It’s very cold this week. If your boss cares about you, you’re working from home or not working at all. Hey, seems like the perfect time to catch up on this week’s new music! Hopefully you can come up with other good indoor activities, such as learning to play the “Harmony Hall” intro on your guitar or memorizing the impossible-to-remember name of the band whose song is listed third in this post.
Vampire Weekend: “Harmony Hall”
“Harmony Hall” wastes no time in hitting a triumphant stride. Vampire Weekend are back, as extra as ever, and the years they’ve spent working on this album are easy to feel. The “Vampire Weekend plus house music keys and vibraslap” thing does it for me big time, and that’s even before the piano steps away from the house rhythms to break into a minuet with barroom flourishes.
Ornate, full of anachronistic style influences, and a shameless product of its author, it feels jarring and delightful kind of like The Favourite did.

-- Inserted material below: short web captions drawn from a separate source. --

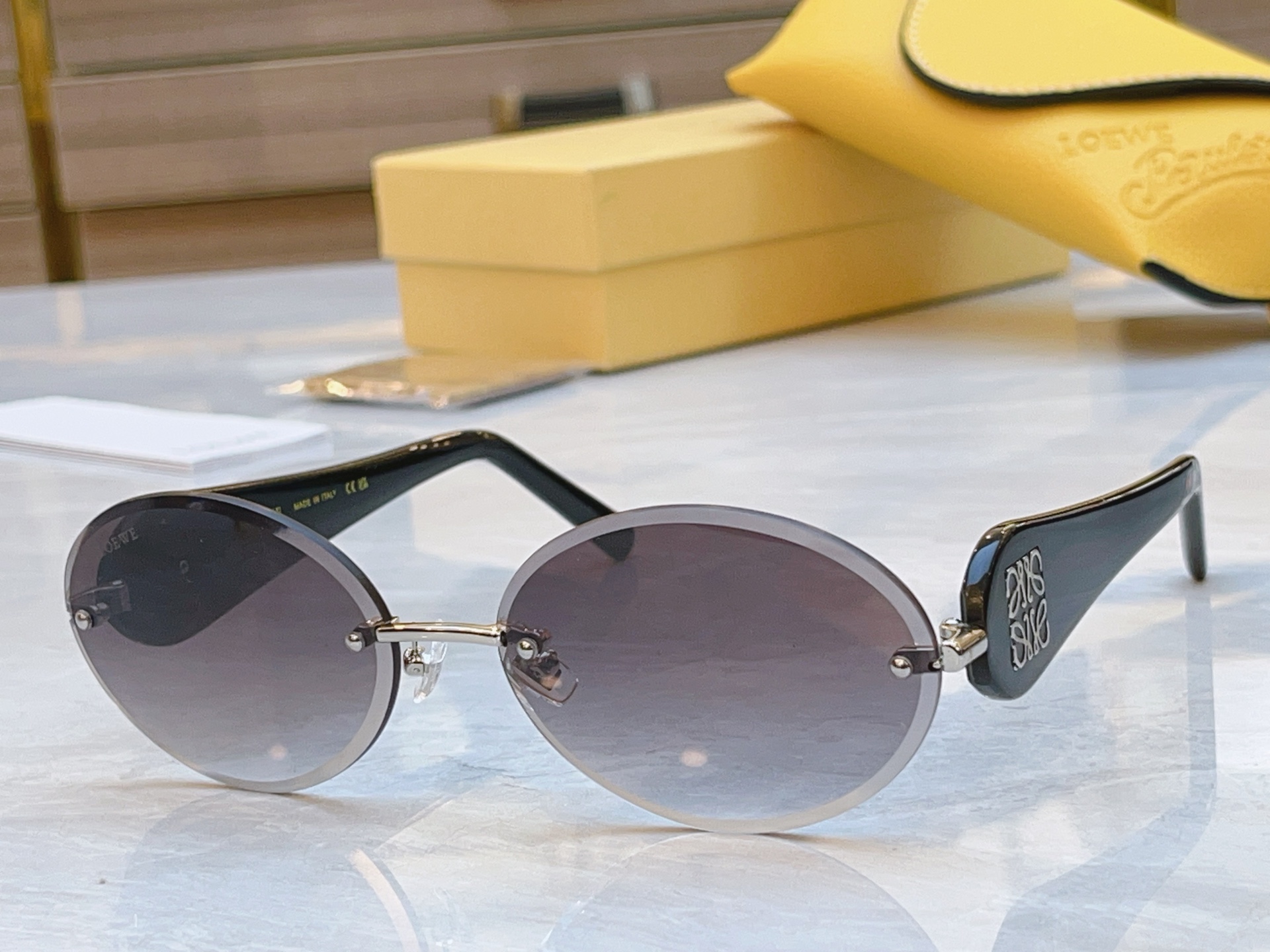 ，【LOEW*】罗意*威新款太阳镜，
MODEL：LW5132S，SIZE：62口16-145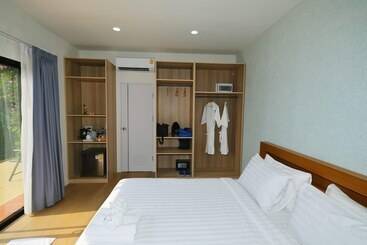 Rakmak Kan Resort & Cafe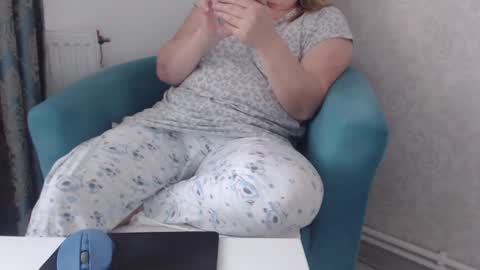 Sexyblonde4u58 online show from 03.22.26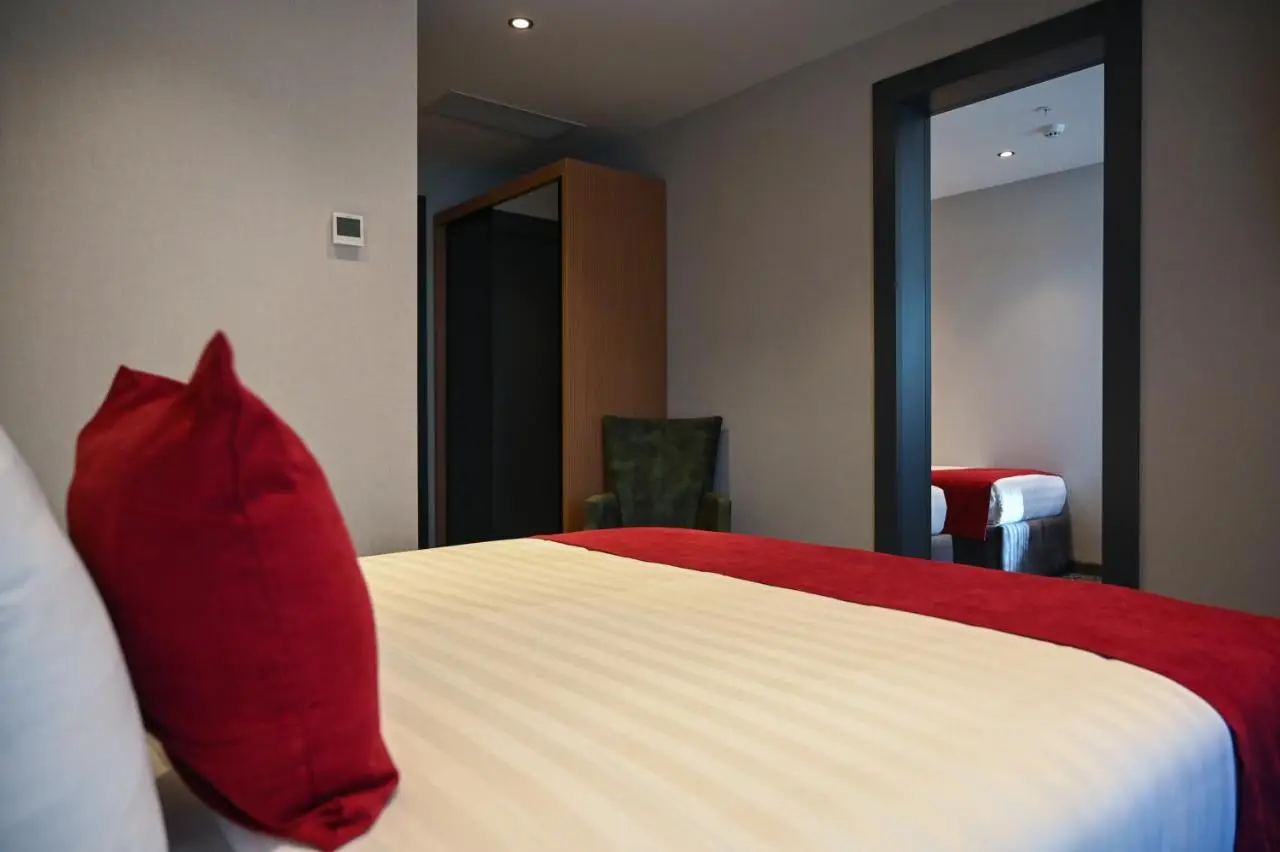 Landmark Hotel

Hitmaker superstar Ariel Rechtshaid co-produced this song with Ezra Koenig. And Danielle Haim and David Longstreth (Dirty Projectors) provide backup vocals. It feels obscene to declare during this cold Midwestern hell spiral, but this is a total indie rock Song of the Summer candidate. Vampire Weekend will play The Sylvee on June 11.
CHAI: “Fashionista”
The first thing I learned about CHAI was that they are a Japanese pop band with a ton of good videos signed in the U.S. to garage rock mainstay Burger Records. That’s an enticing hook: Who is this band? And why are they being represented in America by the record label equivalent of Thrasher magazine? (Note: I don’t skate so this comparison is probably askew. Please file your complaints to the comment section.) As it turns out, CHAI are Devo fans whose mission as a band is promoting a “Neo-Kawaii” agenda of self-expression over mass appeal. “Fashionista” is a beauty industry takedown, but more than that it’s a celebration of not pursuing perfection. Their forthcoming sophomore album PUNK follows their debut PINK, which was released by Burger last February. While you’re waiting for the rest of PUNK to drop, check out this good article on the band written by Jenn Pelly for Pitchfork in October.
Better Oblivion Community Center: “Dylan Thomas”
Before you ask, I’ll answer: Yes, we did need a collaborative album from Phoebe Bridgers and Conor Oberst. I mean, Conor certainly did, but I also feel like it’s the perfect way for Phoebe to have followed her role co-starring with Lucy Dacus and Julien Baker in boygenius. How she’ll follow this pair of excellent indie songwriter A-list supergroups remains to be seen, but I can’t imagine she’s using up all of her best material written since 2017’s fantastic debut Stranger in the Alps on these releases. That said, perhaps the most baller move might be to release another boygenius/Better Oblivion Community Center album prior to her next solo full-length, but that’s absolutely getting ahead of myself.
“Dylan Thomas” kicked off live on The Late Show with Stephen Colbert last Thursday night along with the first announcement of the band and its debut album, released early the next morning. Phoebe sings on every line in the song, but it feels like one of the more Bright Eyes-ish tracks on the album. An expression of exasperation, it’s political without relying on terribly deep subtext. There’s no shame in Conor Oberst’s game; this would blend in seamlessly with his bevy of Dubya-era material if not for the inclusion of the Trump-era pundit meme “four dimensional chess.” Bonus: Yeah Yeah Yeahs’ Nick Zinner played guitar on this track. I couldn’t make this stuff up if I tried!